Powers, Principalities, and Us

by Chris Eyre
Chris is a retired attorney from England and is the co-host of Energion’s Global Christian Perspectives with Elgin Hushbeck, Jr.

Powers bannerA post from Patheos recently talked about exorcism in the New Testament from the point of view that these days we consider those who would have once been called “possessed” to be suffering from mental illness. Meanwhile, I notice that the inimitable Richard Beck will soon be releasing his next book “Reviving Old Scratch” (by which I assume he means Satan).
These illustrate two attitudes I tend to see among Christians styling themselves “progressive” or “liberal”; the first is that references to demons or to Satan have to represent purely psychological matters. There’s certainly some merit in that.
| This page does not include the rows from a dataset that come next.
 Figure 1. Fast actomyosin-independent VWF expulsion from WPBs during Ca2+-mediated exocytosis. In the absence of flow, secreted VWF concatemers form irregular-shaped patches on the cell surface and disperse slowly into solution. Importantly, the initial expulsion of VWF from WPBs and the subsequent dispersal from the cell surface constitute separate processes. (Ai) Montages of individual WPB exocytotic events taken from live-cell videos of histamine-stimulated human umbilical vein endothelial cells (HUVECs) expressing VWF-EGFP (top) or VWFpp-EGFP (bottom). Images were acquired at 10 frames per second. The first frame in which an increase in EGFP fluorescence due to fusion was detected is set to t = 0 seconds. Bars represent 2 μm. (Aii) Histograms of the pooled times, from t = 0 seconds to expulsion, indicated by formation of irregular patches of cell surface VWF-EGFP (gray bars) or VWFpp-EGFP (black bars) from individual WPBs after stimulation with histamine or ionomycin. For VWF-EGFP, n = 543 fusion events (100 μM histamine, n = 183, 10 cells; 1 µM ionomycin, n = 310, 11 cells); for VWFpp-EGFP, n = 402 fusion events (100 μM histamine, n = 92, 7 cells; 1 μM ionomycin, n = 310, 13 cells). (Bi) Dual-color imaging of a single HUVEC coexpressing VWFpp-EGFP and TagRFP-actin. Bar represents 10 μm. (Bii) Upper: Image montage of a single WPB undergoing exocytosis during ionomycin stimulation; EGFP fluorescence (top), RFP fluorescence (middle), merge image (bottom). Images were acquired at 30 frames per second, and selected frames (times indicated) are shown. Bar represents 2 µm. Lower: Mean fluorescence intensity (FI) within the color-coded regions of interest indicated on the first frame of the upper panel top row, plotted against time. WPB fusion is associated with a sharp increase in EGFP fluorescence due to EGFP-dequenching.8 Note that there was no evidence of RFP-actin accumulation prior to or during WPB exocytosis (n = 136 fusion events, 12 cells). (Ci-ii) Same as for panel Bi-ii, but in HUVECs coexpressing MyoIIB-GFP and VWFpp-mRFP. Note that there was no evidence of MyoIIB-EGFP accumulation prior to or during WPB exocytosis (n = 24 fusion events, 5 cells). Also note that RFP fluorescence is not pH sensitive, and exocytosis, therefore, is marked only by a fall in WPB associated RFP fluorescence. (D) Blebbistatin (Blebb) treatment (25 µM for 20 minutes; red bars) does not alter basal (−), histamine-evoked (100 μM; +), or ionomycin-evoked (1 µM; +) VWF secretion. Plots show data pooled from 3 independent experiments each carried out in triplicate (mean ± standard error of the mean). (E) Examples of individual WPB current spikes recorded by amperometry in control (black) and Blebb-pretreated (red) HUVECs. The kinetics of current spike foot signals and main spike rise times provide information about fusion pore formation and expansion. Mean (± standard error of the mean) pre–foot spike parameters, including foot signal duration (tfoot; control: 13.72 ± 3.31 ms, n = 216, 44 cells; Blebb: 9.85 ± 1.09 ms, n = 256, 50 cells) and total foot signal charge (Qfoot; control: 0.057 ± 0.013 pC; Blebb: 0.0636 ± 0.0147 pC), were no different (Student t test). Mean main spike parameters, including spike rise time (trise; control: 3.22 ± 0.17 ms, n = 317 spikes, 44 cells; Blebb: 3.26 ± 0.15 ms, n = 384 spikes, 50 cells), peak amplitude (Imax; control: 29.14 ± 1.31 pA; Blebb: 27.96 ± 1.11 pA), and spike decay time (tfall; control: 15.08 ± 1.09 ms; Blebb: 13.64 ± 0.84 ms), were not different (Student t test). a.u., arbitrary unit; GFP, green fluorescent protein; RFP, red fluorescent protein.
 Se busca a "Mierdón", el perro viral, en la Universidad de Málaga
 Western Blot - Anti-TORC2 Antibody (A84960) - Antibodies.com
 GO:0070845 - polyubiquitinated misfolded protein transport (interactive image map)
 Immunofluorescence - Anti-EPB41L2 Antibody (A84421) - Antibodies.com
A psychologist friend of mine talks about going on retreat as “going to sit down and talk to her demons”. However, the second reflects something with a wider application (as ultimately only I can sit down and talk to my personal psychological demons) which I increasingly see in progressive or liberal writers, namely a willingness to take “principalities, powers and rulers” seriously.
In doing so, most are drawing on the work of Walter Wink in the remarkable “Powers” trilogy (or in his precis “The Powers that Be”). As Wink states, “Every business corporation, school, denomination, bureaucracy, sports team — indeed, social reality in all its forms — is a combination of both visible and invisible, outer and inner, physical and spiritual.”  He most definitely includes in this all ideologies, political and economic, and of course, via “denomination”, religious ideologies. They can be named, unmasked and engaged (to use the titles of the three volumes of the trilogy). All, in Wink’s view, can be viewed as “fallen” entities, thus at the same time being demonic and angelic, and being capable of salvation.
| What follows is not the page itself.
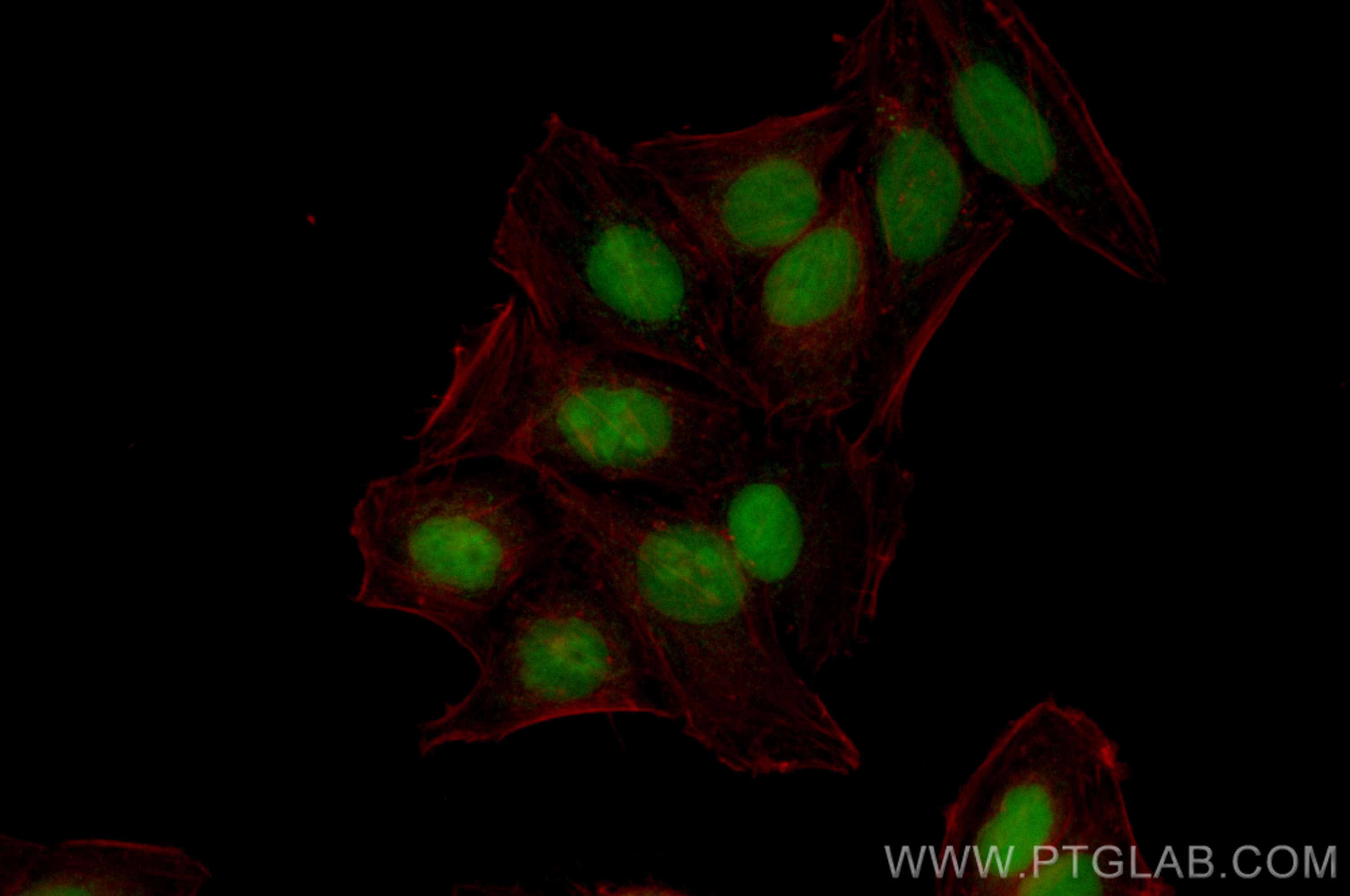 Immunofluorescence (IF) / fluorescent staining of HepG2 cells using CoraLite® Plus 488-conjugated DEK Recombinant anti (CL488-82880)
But they are definitely something which can, in a sense, “possess” us, in that we uncritically devote ourselves to them, whether they be country, political party, economic viewpoint or merely our family. (And if you don’t see how that can be a demonic or at least fallen power, watch the Godfather trilogy sometime.)
Just as we all (I suspect) have our personal demons, we all (or at least a substantial majority of us) fall often into “possession” by one or more of these ideologies, or spirits; we can therefore, with caution, attempt to engage the spirits of those around us, individual or group, though in doing this it might be best if we have first engaged those possessing ourselves.
I say “with caution”, because we have just celebrated Easter, and Good Friday occurred first and foremost because Jesus engaged some of the Powers of his day, notably the imperial Roman Empire and the Temple insiders who allowed their own Power to ally itself to Rome. We may well find that in engaging some of the Powers of today, that we have, with Christ, picked up our cross.